How Long Does Banana Bread Last?
Freshly baked banana bread lasts about three to four days at room temperature, wrapped loosely in tin foil or wax paper. You can also wrap it in paper towels and store it in a zippered plastic bag or another sealable container. Never place the bread in a sealed container or bag without first wrapping it in paper towels, and always wait until it has completely cooled. The moisture trapped inside will allow it to grow mould. It is better to let it dry out slightly than to allow it to mould.
This bread will begin to dry out after about four to five days, but it will still be ok to eat. To keep it fresh beyond three or four days, wrap it in plastic or place it in an airtight container and keep it in the fridge. Banana bread will stay fresh this way for about a week, if not longer.
How to Freeze Banana Bread
The wonderful thing about banana bread is that it freezes extremely well. If you don't plan on eating all of your bread within a week, it's a good idea to freeze some. Sometimes I will bake an extra loaf to keep in the freezer. Or I will make up a big batch of banana bread muffins and freeze half of them.

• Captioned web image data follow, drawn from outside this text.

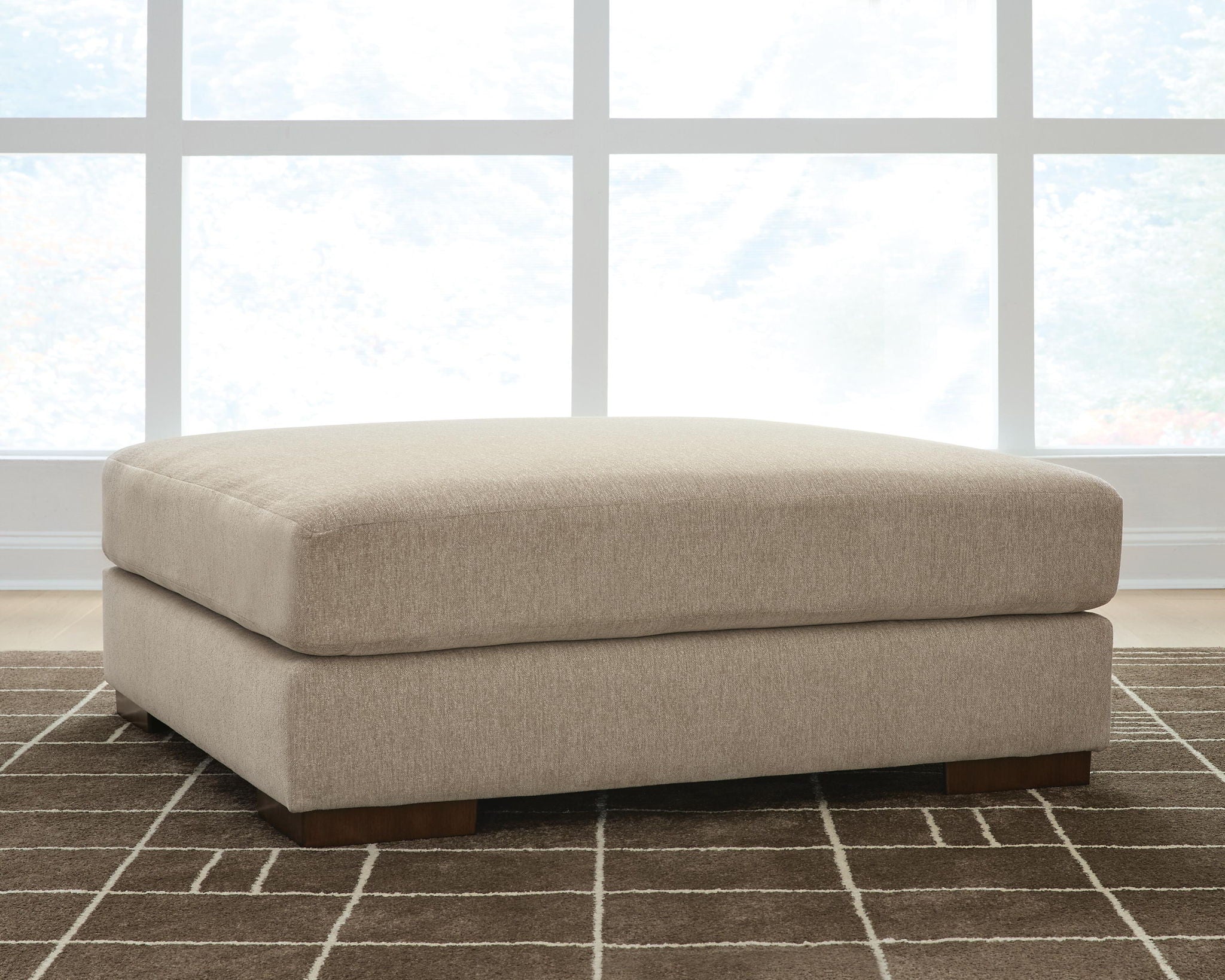 Oversized accent ottoman in dune beige with rounded lid, upholstered sides, and dark feet.
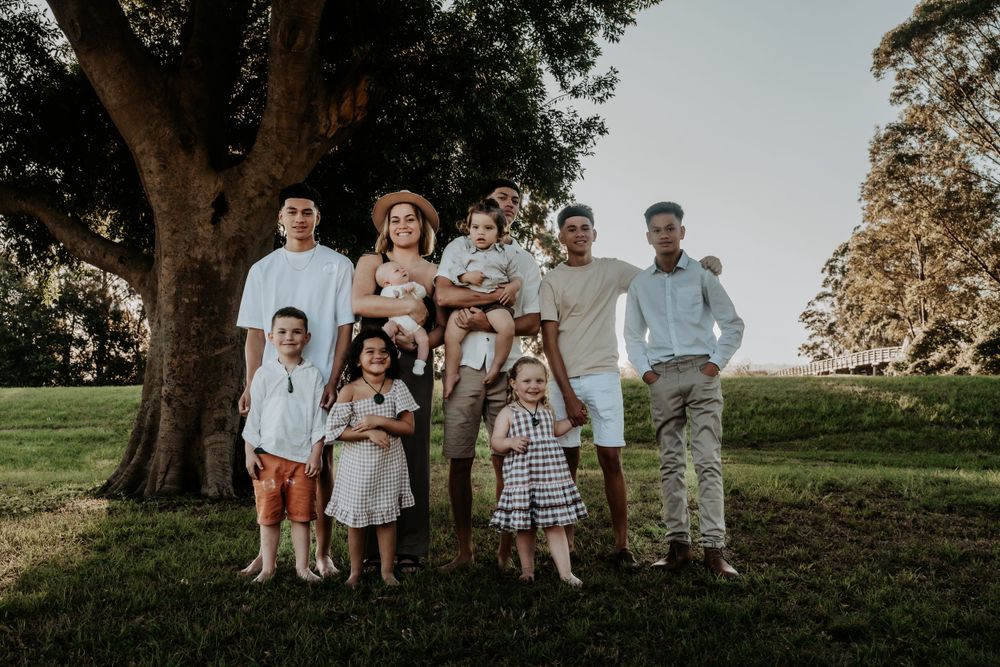 Large extended family group portrait outdoors under a big tree on a sunny green lawn.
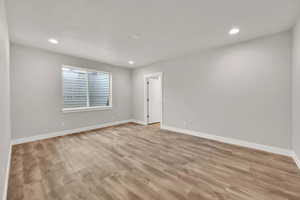 Spare room with light hardwood / wood-style floors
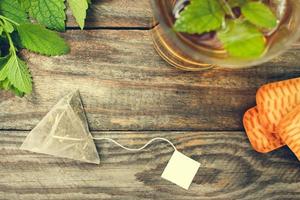 Tea bag, mint, cookie and cup of tea. Toned image. Top view. photo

Simply wrap the loaf in plastic wrap or foil and put it in a zippered plastic bag or an airtight container to freeze. Slices and muffins should be individually wrapped before placing them all in a bag or container to freeze. Always make sure it's completely cooled before putting it in the freezer. It can be frozen for up to three months.
How to Thaw Frozen Banana Bread
Take the loaf out of the freezer and let it thaw for three to four hours at room temperature. Slices and muffins take about 20 or 30 minutes to thaw at room temperature. Slices and muffins can also be thawed in the microwave quickly. Simply wrap them in a paper towel and microwave them for about 30 seconds.